→ Action item: Nothing in the records may change. Print them all again.

START Data provided

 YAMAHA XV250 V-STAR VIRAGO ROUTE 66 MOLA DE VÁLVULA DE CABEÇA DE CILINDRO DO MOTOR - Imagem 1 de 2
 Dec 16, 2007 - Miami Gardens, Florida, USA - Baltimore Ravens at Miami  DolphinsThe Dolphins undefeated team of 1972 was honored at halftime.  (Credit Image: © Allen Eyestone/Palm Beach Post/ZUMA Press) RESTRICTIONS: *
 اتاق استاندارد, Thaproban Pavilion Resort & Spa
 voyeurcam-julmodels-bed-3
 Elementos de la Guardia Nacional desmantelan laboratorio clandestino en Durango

END Data provided

→ Solution to this task:
 YAMAHA XV250 V-STAR VIRAGO ROUTE 66 MOLA DE VÁLVULA DE CABEÇA DE CILINDRO DO MOTOR - Imagem 1 de 2
 Dec 16, 2007 - Miami Gardens, Florida, USA - Baltimore Ravens at Miami  DolphinsThe Dolphins undefeated team of 1972 was honored at halftime.  (Credit Image: © Allen Eyestone/Palm Beach Post/ZUMA Press) RESTRICTIONS: *
 اتاق استاندارد, Thaproban Pavilion Resort & Spa
 voyeurcam-julmodels-bed-3
 Elementos de la Guardia Nacional desmantelan laboratorio clandestino en Durango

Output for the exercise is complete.